Senescent cells in culture have a characteristic morphology that makes them distinguishable from proliferating cells (Dimri, 1995). Once in senescence, cells become flatter and the nucleus becomes enlarged. The cause for these morphological changes is not fully understood but the increase in cell size may be associated with the process of cell cycle arrest, where the imbalance of DNA: cytoplasm ratio in itself may contribute to aging (Neurohr et al., 2019).

SA-β-Gal Activity

The cytoplasmic content of senescent cells also changes, with an increase in lysosomal SA- β-Gal activity. This enzyme is thought to exist in cell lysosomes, which are known to increase in size as cells age. Therefore, a high SA- β-Gal activity would be expected in senescent cells. However, this is not considered to be exclusive, as it can also be found in other cell types of non-senescent nature and in some cases may not be established in senescence (Dimri, 1995; Lee et al., 2006; Huang and Rivera-Pérez, 2014).

Cell Cycle Arrest

The CDK/Cyclin complexes are necessary to progress through the cell cycle. In senescent cells, this interaction between cyclins and CDKs is blocked by CDKIs (Blagosklonny, 2011). The INK4A gene encodes the p16 protein, which inhibits the Cyclin D/CDK4/6 complex to stop the progression of G1 phase to S phase (Jingwen et al., 2017). It is often used as a marker for senescent cells due to its increased levels of expression. The CDKN1A gene encodes p21, which inhibits the Cyclin E/CDK2 and Cyclin B/CDK1 complexes (Jingwen et al., 2017). The inhibitor is commonly used a marker as well, but is less specific, since it can be upregulated in other situations (Hernández-Segura et al., 2018).

Nuclear Changes

In addition to the increase in nuclear size, senescent cells have changes to the nuclear lamina, which impact on nuclear stability (Hernández-Segura et al., 2018). The nuclear lamina is made up of lamin proteins, which are type V intermediate filaments, and is disassembled and reassembled with every mitotic division (Freund et al., 2012).
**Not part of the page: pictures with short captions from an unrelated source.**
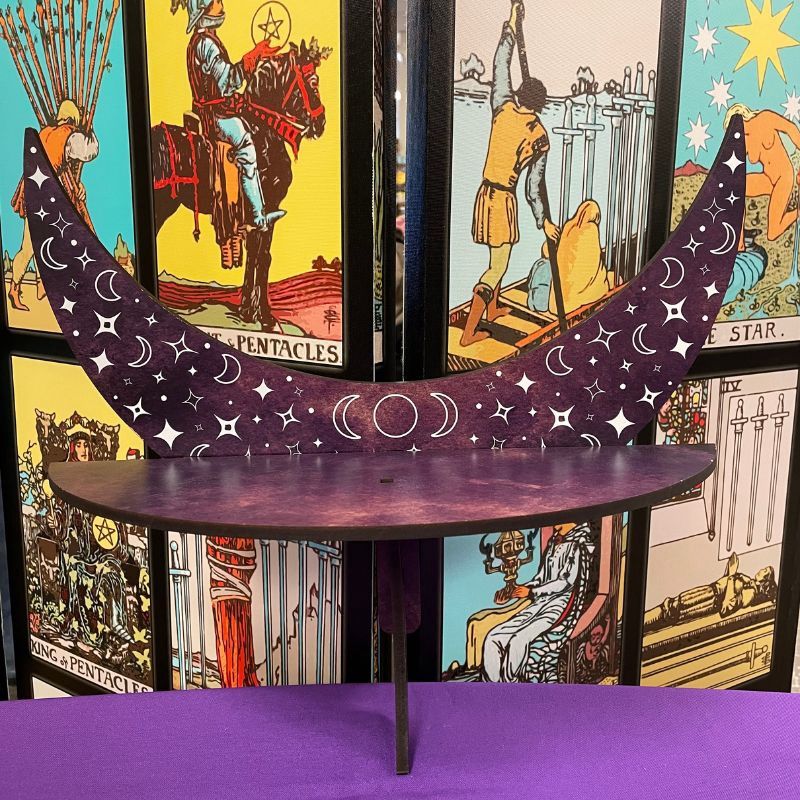 Purple Celestial Moon Shelf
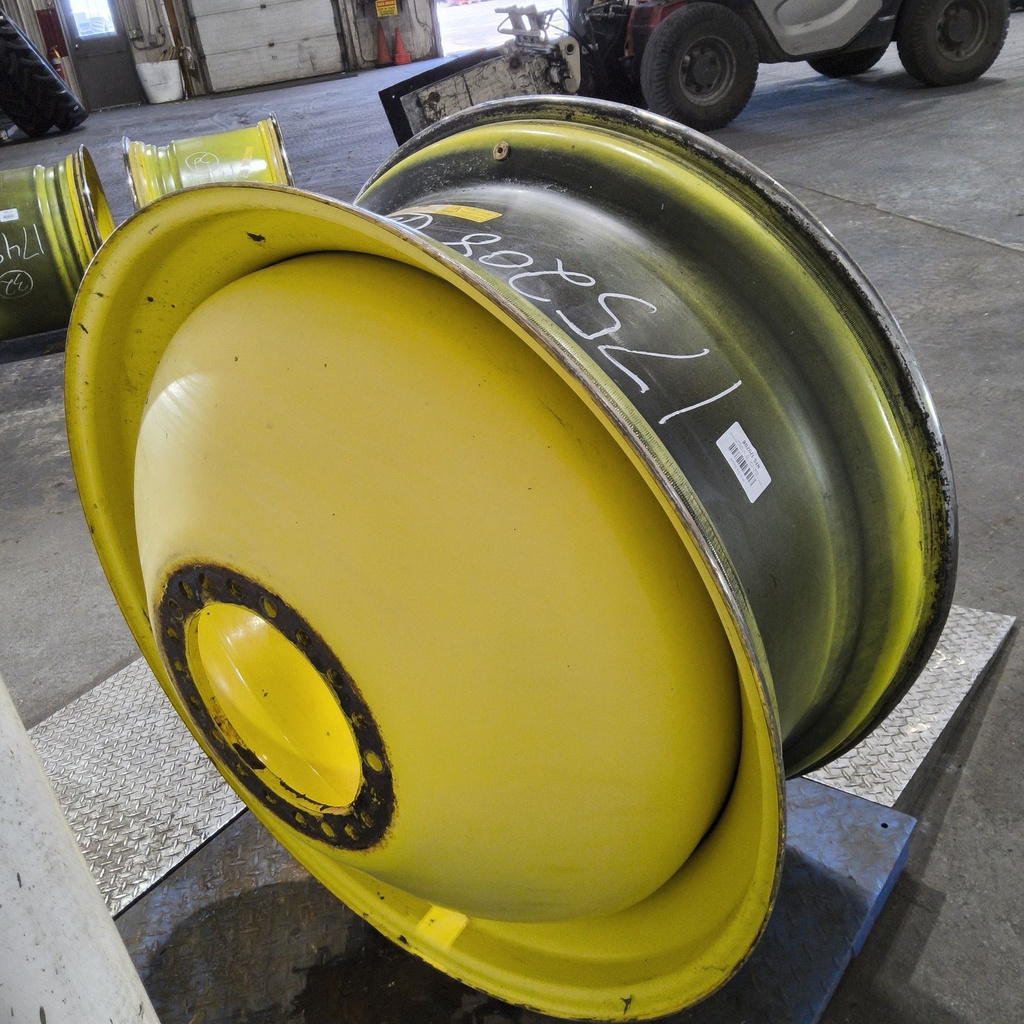 18"W x 42"D, John Deere Yellow 20-Hole Dolly Dual , -15.12" Offset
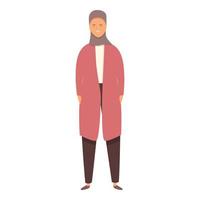 kvinna klänning ikon tecknad serie vektor. mode hijab vektor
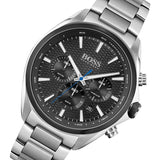 Hugo Boss Montre Distinct Black Dial Silver Steel Strap Watch for Men - 1513857 Authentic Buy Shop Now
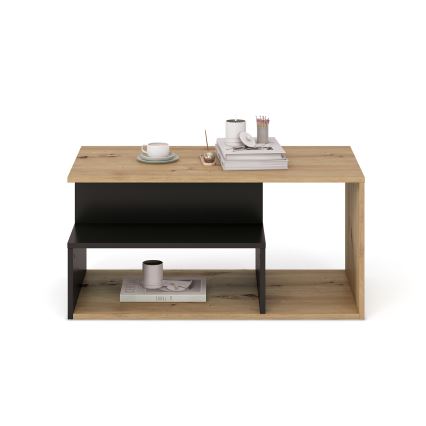 NOTE coffee table 90x51 cm black/Artisan Oak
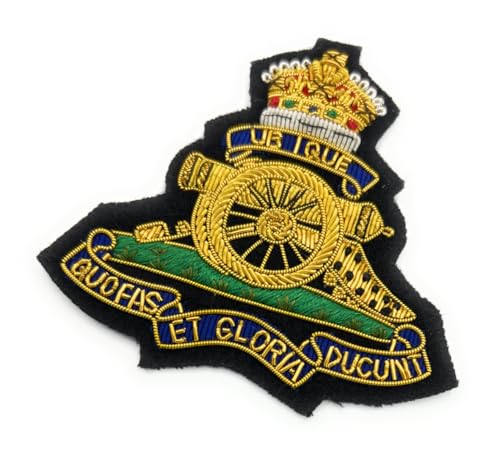 Badge Royal Artillery Crown pour restaurer un blazer militaire usé - 2
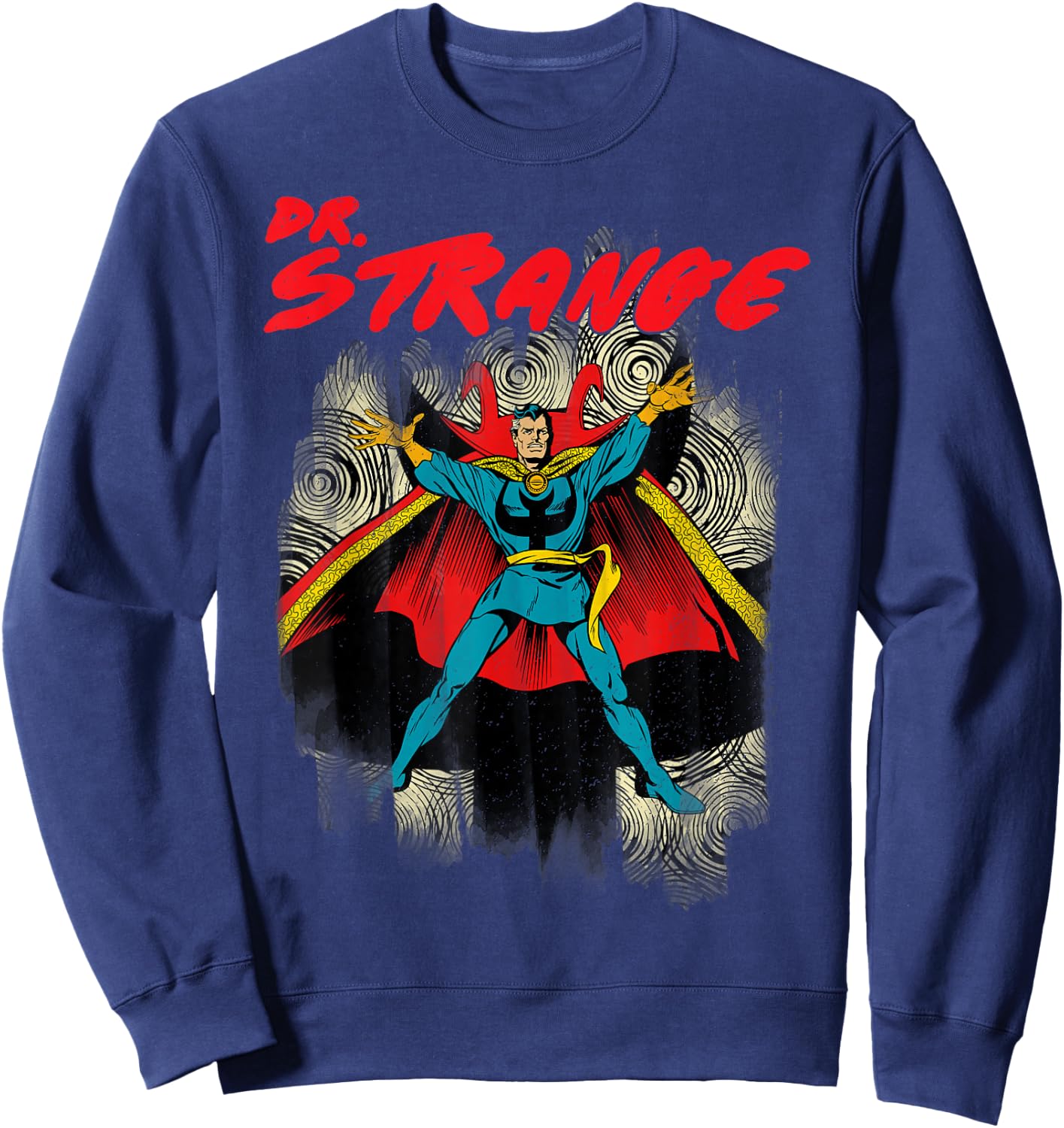 Dr. Strange Hands Out Ready For Some Magic Graphic Sweatshirt - Sweatshirt | Navy
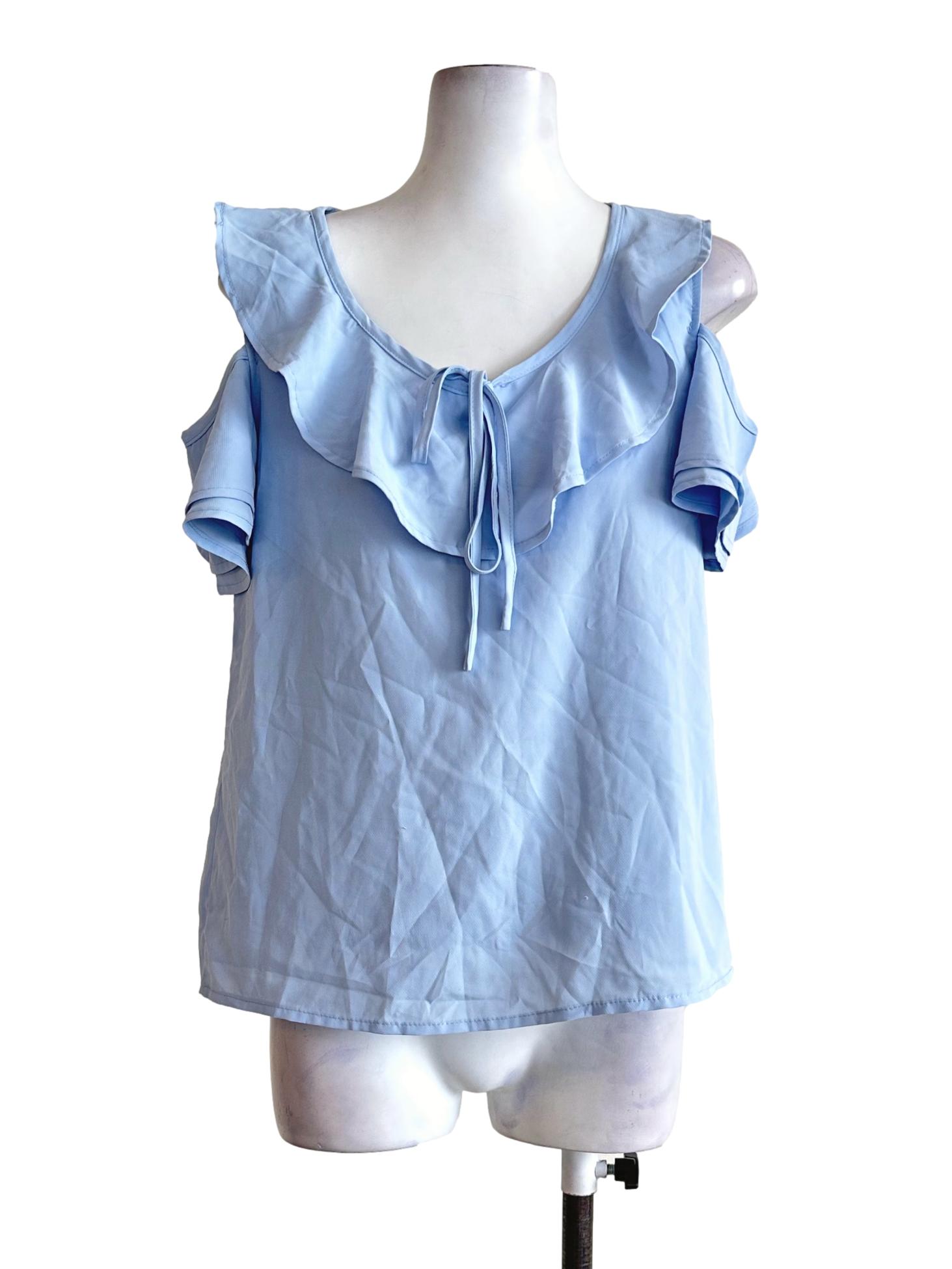 Powder Blue Plain Top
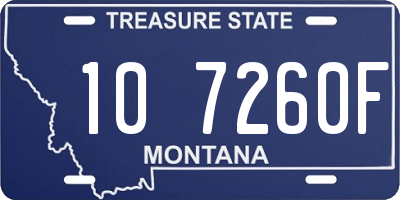 MT license plate 107260F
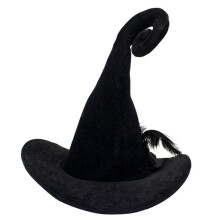 1pc Retro Pointed Hat Halloween Hat Horned Witch Hat for Family Gatherings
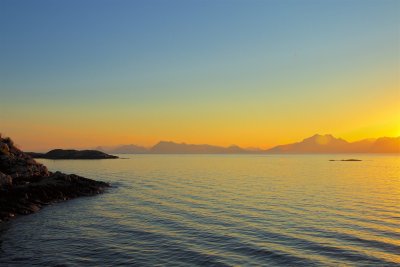 Sunset at Svolver, Lofoten Islands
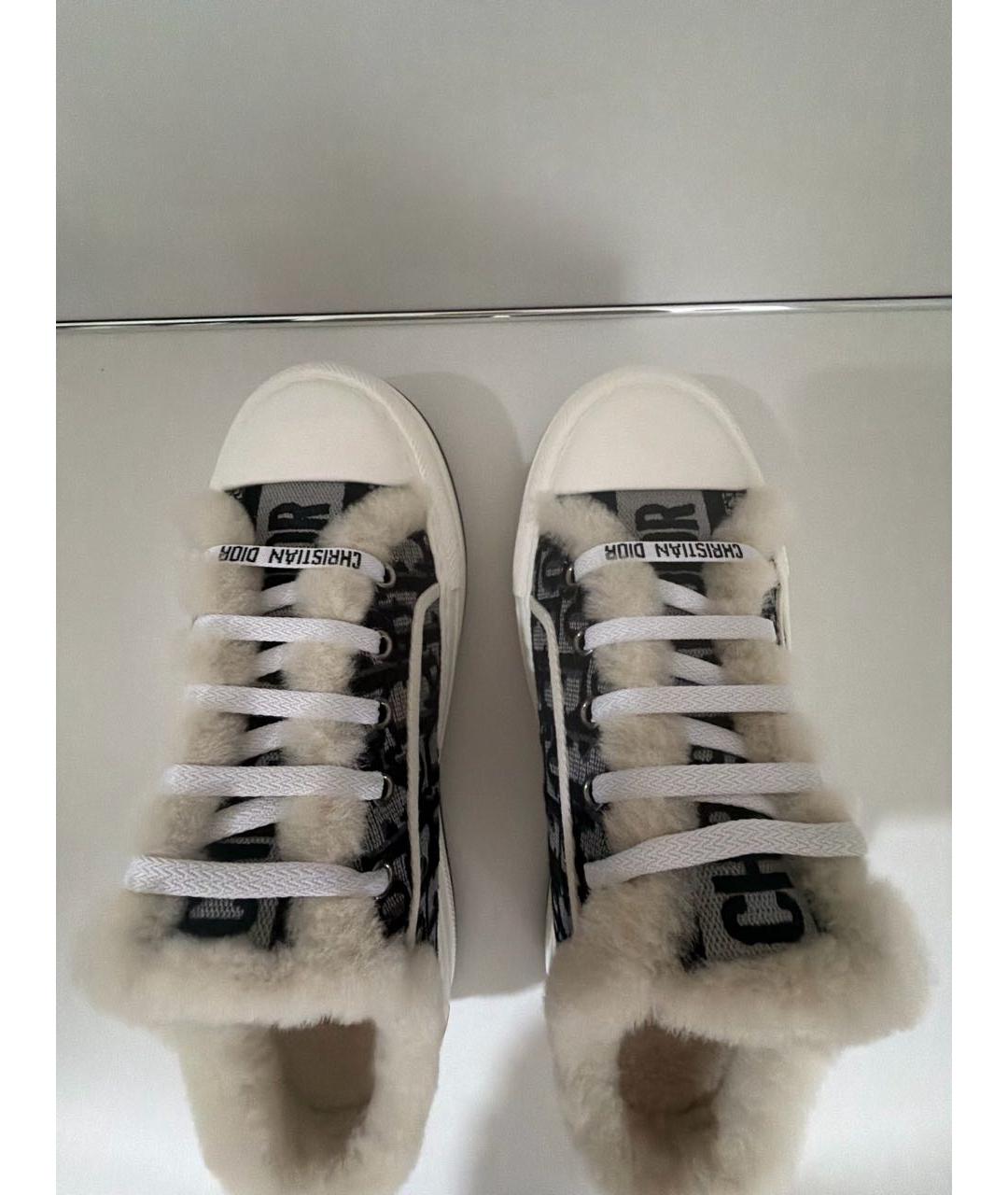 CHRISTIAN DIOR Темно-синие кеды, фото 5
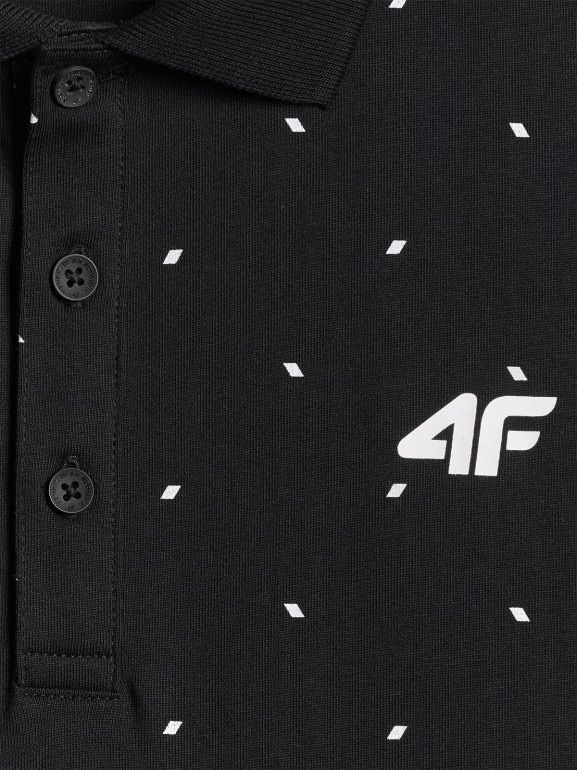 Męska koszulka polo 4F 4FWSS26TPTSM631 - czarna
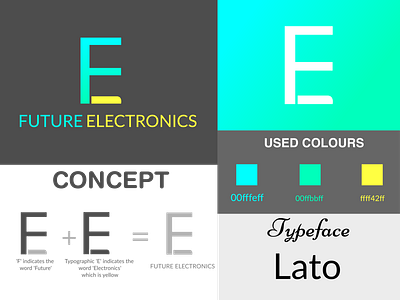 Future Electronics Logo art design flat graphic design icon logo minimal vector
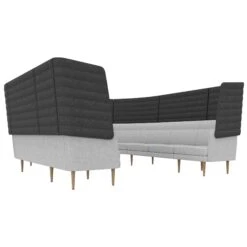 ARCIPELAGO Sofa | 10-Sitzer, Curved, Hohe Rückenlehne, Bezugsstoffe BERTA / SYNERGY -Möbel Pro Verkauf 10 Sitzer Curved Sofa Sessel ARCIPELAGO mit hoher Rueckenlehne 1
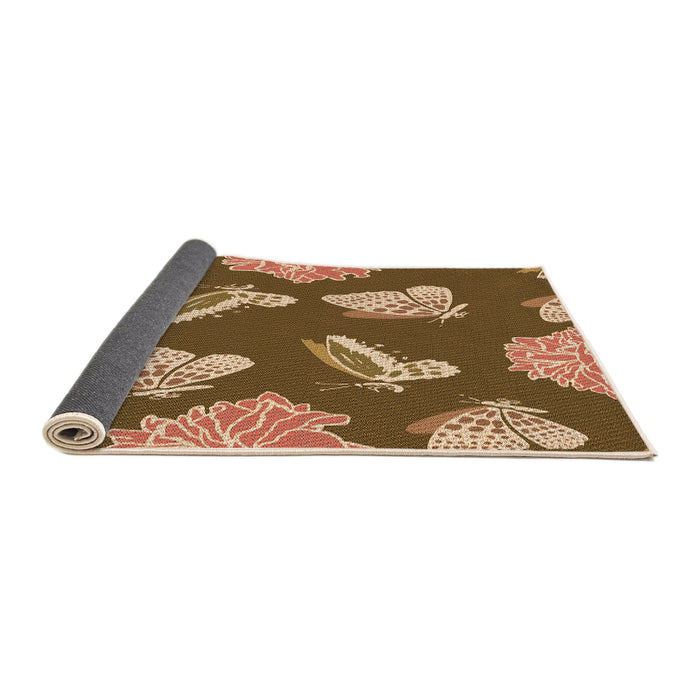 Thickness of Patterned Saddle Brown Rug, pat659org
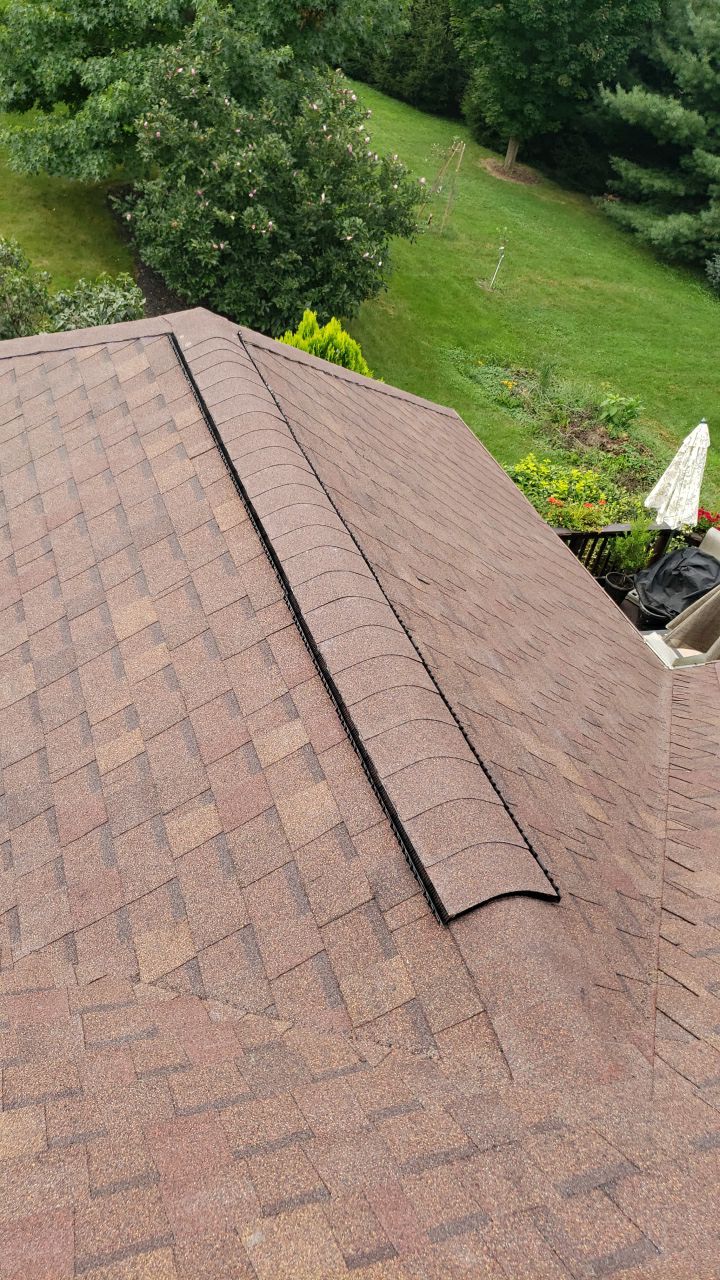 Atlas Pinnacle Pristine Scotchgard: Sienna Drip Edge: Musket Brown by Eagle Eye Roofing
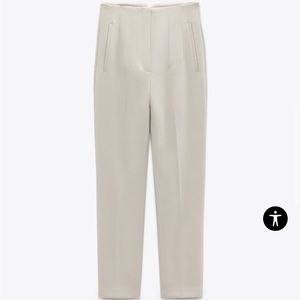 Zara high waisted trouser pants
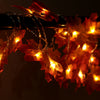 10 LEDs / 20 LEDs Christmas Decoration Maple Leaf String Light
Lamin B1 is expressed differentially between pre-senescent and senescent cells: in various primary human fibroblast cell lines, a decrease of protein and mRNA expression of Lamin B1 can be observed, suggesting its use as a senescent cell biomarker (Freund et al., 2012).

Changes in chromatin structure are also exhibited in senescent cells. Heterochromatin becomes more prominent, with areas of nucleus having denser DAPI (diamidinophenylindole) stained foci that have been called senescence associated heterochromatin foci (SAHFs) and may be involved in gene silencing of proliferation genes (Aird and Zhang, 2012). These SAHFs can also be distinguished with specific epigenetic markers, such as H3K9me3, H3K27me3, and macroH2A, a facultative heterochromatin histone variant (Parry and Narita, 2016). DNA methylation patterns change during the process of aging as well, with hypomethylation in heterochromatic regions and focal hypermethylation in gene-associated cytosine-guanine islands (CGIs) (Ciccarone et al., 2018). Histone modifications can cause repression of certain genes, silencing those involved in cell cycle progression.

SASP

The SASP consists of a collection of molecules secreted by senescent cells that shape the microenvironment. These molecules include proteases and growth factors, chemokines and cytokines such as IL-6, IL-8 and IL-1β (Borodkina et al., 2018). Interleukins take part in activating signaling pathways such as Jak/STAT, PI3K, and MAPK (Garbers et al., 2013). Proteases, such as matrix metalloproteases (MMPs) and serine proteases, are involved in the development and regeneration of the extracellular matrix. The inhibitors of these proteins and signaling molecules are also secreted by senescent cells to regulate their functions (Borodkina et al., 2018), so the net effect is dependent on this balance. Although the SASP works to promote tissue repair and regeneration and encourages immune surveillance, it can also be detrimental to health. For example, through paracrine induction of epithelial to mesenchymal transition and attraction of immunosuppressive immune cells, it can contribute to tumorigenesis and metastasis in cancer (González-Meljem et al., 2018).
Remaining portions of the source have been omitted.